Biomolecular condensates are membraneless subcellular structures, which form via liquid–liquid phase separation. By creating a unique biochemical environment — involving specific concentration and/or exclusion of cellular components — biomolecular condensation offers a means to regulate cellular processes as diverse as signalling and gene expression. Changes in condensate properties have also been associated with various human pathologies, including cancer and degenerative diseases. A study from Young and colleagues now shows that chemical compounds can also undergo partitioning into condensates, affecting their activity in cells.

The authors hypothesized that small-molecule drugs could associate with condensates that contain their molecular targets. They focused on anti-cancer compounds and their partitioning into several nuclear condensates that have been associated with gene regulation and RNA processing. These condensates were reconstituted in vitro using individual recombinant proteins, previously shown to phase separate in vitro and to serve as scaffolds for condensate formation.

Credit: Helen Davies/Alamy Stock Photo

The in vitro reconstituted condensates did not generally accumulate small-molecule compounds, such as fluorescent dyes. However, they could concentrate various anti-cancer drugs, including the DNA-interacting compounds cisplatin and mitoxantrone, as well as tamoxifen, THZ1 and JQ1, which are compounds targeting transcription regulators. This partitioning occurred even in the absence of the drug targets in the condensate. Although different drugs exhibited variable capacity to partition into the condensates, they all showed high enrichment in condensates of the transcription regulator MED1, formation of which has been associated with gene activation by super-enhancers — large clusters of enhancers, which have been associated with oncogenesis.

Incorporation of DNA together with cisplatin into reconstituted MED1 condensates led to robust DNA modification by platination.
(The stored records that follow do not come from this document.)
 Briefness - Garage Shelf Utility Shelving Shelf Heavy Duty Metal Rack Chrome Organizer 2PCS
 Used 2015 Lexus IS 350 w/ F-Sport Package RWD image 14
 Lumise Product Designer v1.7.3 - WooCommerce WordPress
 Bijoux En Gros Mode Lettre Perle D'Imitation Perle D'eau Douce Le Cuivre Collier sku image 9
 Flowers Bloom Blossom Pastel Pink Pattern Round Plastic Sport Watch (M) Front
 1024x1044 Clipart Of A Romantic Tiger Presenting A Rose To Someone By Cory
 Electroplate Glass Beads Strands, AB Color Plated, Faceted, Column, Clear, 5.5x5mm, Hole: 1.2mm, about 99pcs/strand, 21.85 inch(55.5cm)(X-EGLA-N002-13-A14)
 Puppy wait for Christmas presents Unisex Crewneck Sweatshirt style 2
Consistently, in a colon cancer cell line, platinated DNA frequently co-localized with MED1 condensates, suggesting that cisplatin partitioning to condensates promotes the activity of the drug.
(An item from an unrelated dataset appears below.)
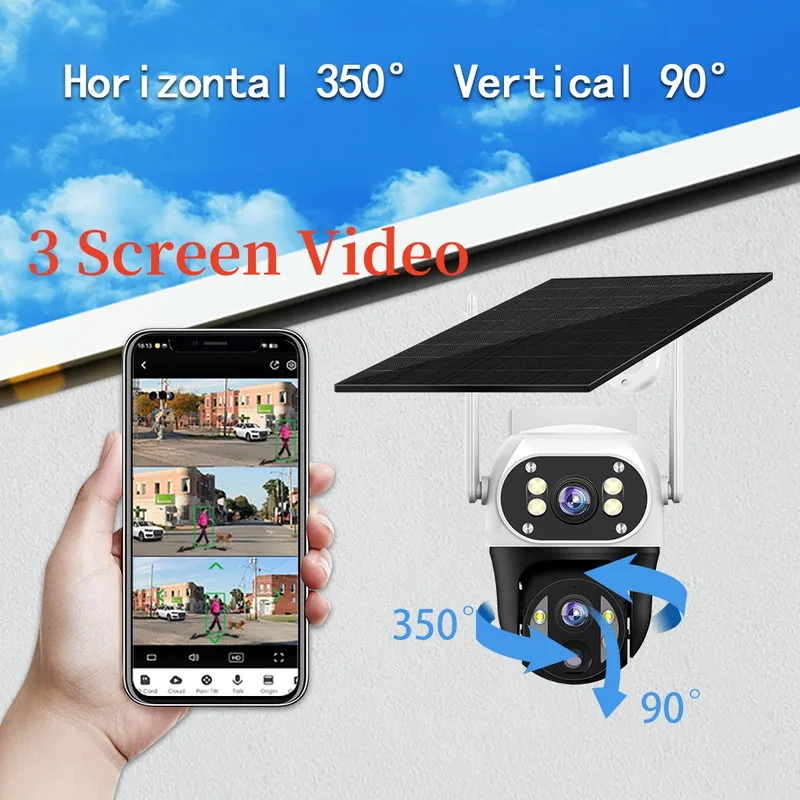 4G WiFi Solar Powered CCTV Camera 6MP Dual Lens PTZ Outdoor Triple Screen Night Vision IP66 Waterproof Security Camera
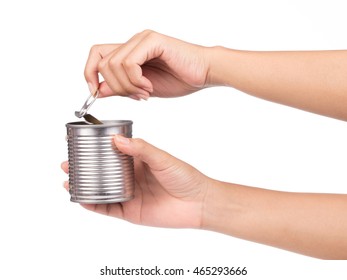 hand open Aluminum,canned food isolated on white background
Interestingly, reconstituted MED1 condensates gradually dissolved in the presence of cisplatin, and prolonged treatment of colon cancer cells with cisplatin led to the loss of MED1 from super-enhancers. These data indicate that cisplatin exerts its anti-neoplastic activity by partitioning into super-enhancer-associated biomolecular condensates and causing their dissolution. Because various cancers rely on super-enhancer-mediated oncogene expression, this association of cisplatin with condensates and their subsequent dissolution could explain the efficacy of this general DNA-modifying compound in cancer therapy.

It has been previously shown by the group that reconstituted MED1 condensates also concentrate the oestrogen receptor. Interestingly, addition of tamoxifen — which is used as an anti-oestrogen compound in cancer therapy — led to eviction of oestrogen receptor from these reconstituted condensates. Notably, tamoxifen resistance is often associated with MED1 overexpression. The authors observed that in tamoxifen-resistant breast cancer cells, the volume of MED1-positive condensates was increased compared with tamoxifen-sensitive cells, and this increase could be recapitulated in vitro by augmenting MED1 concentration. Furthermore, in vitro, the efficacy of tamoxifen in evicting oestrogen receptor was considerably reduced in larger MED1 condensates, which correlated with decreased concentration of tamoxifen in these condensates. These data suggest that condensate enlargement dilutes tamoxifen, thereby reducing its drug activity. Thus, cancer-associated changes in condensate volume can influence the concentration and activity of anti-cancer drugs that partition into them and may represent a mechanism underlying drug resistance.

cisplatin partitioning to condensates promotes the activity of the drug

In summary, small-molecule drugs can partition into biomolecular condensates. This partitioning may represent a mechanism of drug activity, while changes to condensate properties may modulate the therapeutic outcome of condensate-associating compounds. Integration of these findings into drug discovery and screening platforms could improve efficacy of drug development.